This as authorities in the US, Britain and Brazil announced that three of the company's subsidiaries were guilty to crimes.

Glencore’s shares closed 1.23 percent lower at R102.70 on the JSE yesterday. The shares have risen 117.35 percent in the past three years. Glencore’s market capitalisation is worth R1.5 trillion.

The findings come as Glencore, the world’s biggest commodities trader, is benefiting from soaring commodity prices.

In April the miner lowered its 2022 production guidance on copper, zinc and cobalt, but upped its output guidance for nickel and ferrochrome.

It said it expected its full-year trading earnings before interest and taxes to “comfortably” exceed $3.2bn, which was the top of the range of its long-term annual guidance.

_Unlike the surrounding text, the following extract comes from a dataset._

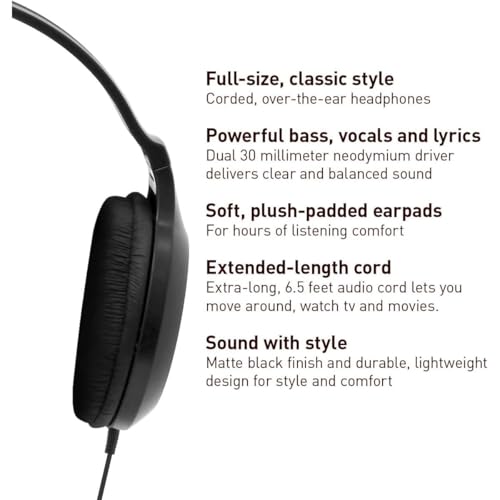 Panasonic Headphones, Lightweight Over The Ear Wired Headphones with Clear, Sound and XBS for Extra Bass, Long Cord, 3.5mm Jack for Phones and Laptops – RP-HT161-K (Black) - size: 4.1 x 7.2 x 7.6 inches (Pack of 1), style: Over Ear - No Mic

The bottom end was $2.2bn, Reuters reported.

Glencore, listed on the London Stock Exchange and JSE, is the latest company that has been exposed for wrongdoings.

Shareholders have borne the brunt of executive greed, as corporate misdeeds from the likes of Steinhoff International, Tongaat Hulett and EOH, have gutted these firms and decimated their share prices.

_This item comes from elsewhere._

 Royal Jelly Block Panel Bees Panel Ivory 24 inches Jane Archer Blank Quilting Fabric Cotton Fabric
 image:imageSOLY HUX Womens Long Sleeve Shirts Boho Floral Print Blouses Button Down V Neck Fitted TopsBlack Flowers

US Attorney Damian Williams for the Southern District of New York said: “In the foreign bribery case, Glencore International and its subsidiaries bribed corrupt intermediaries and foreign officials in seven countries for over a decade.

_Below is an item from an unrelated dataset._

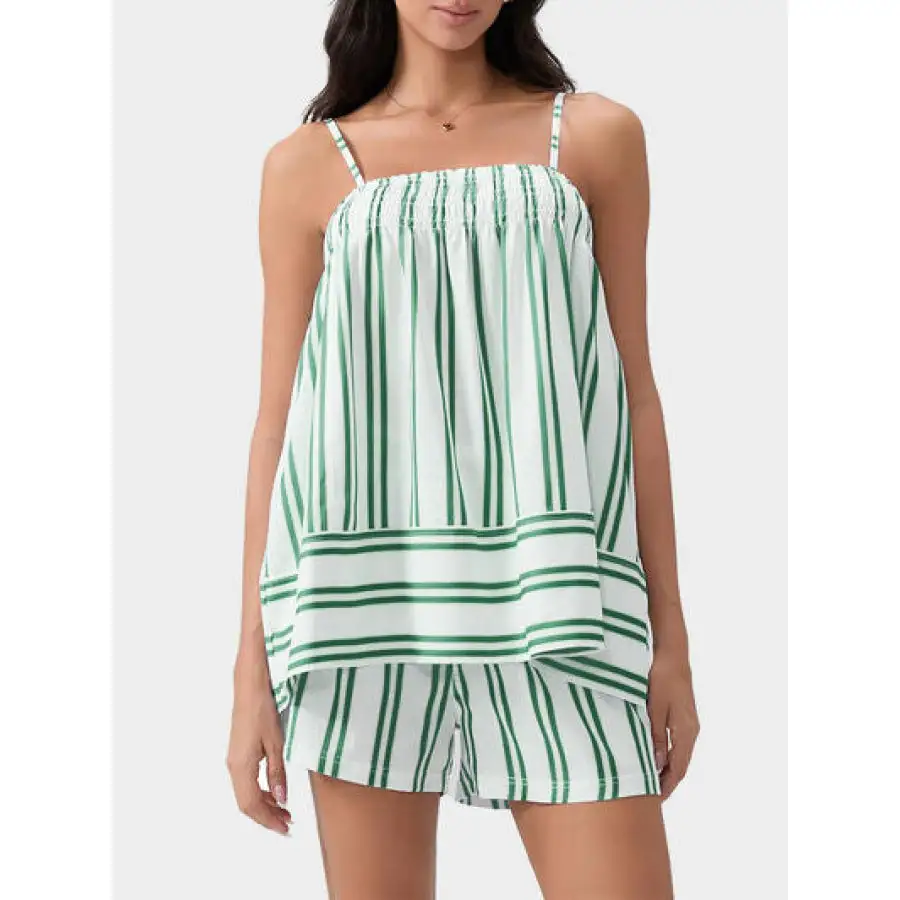 Relaxed Smocked Square Neck Cami and Shorts Set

“In the commodity price manipulation scheme, Glencore Ltd. undermined public confidence by creating the false appearance of supply and demand to manipulate oil prices.

“The scope of this criminal bribery scheme is staggering.”

The local banking sector and the Financial Services Board said they were still mulling over the appropriate response to the matter in which financial institutions have to take a stand.

“We have not been given sufficient time to respond to these matters,” an agency of the Banking Association of South Africa said yesterday.

A Nedbank group spokesperson said the group was bound by client confidentiality agreements not to comment on the issues.

“Nedbank is bound by client confidentiality and in unable to confirm client relationships or provide comment in relation to them,” the spokesperson said yesterday.

The current management of Glencore now has to deal with the mess by its predecessors.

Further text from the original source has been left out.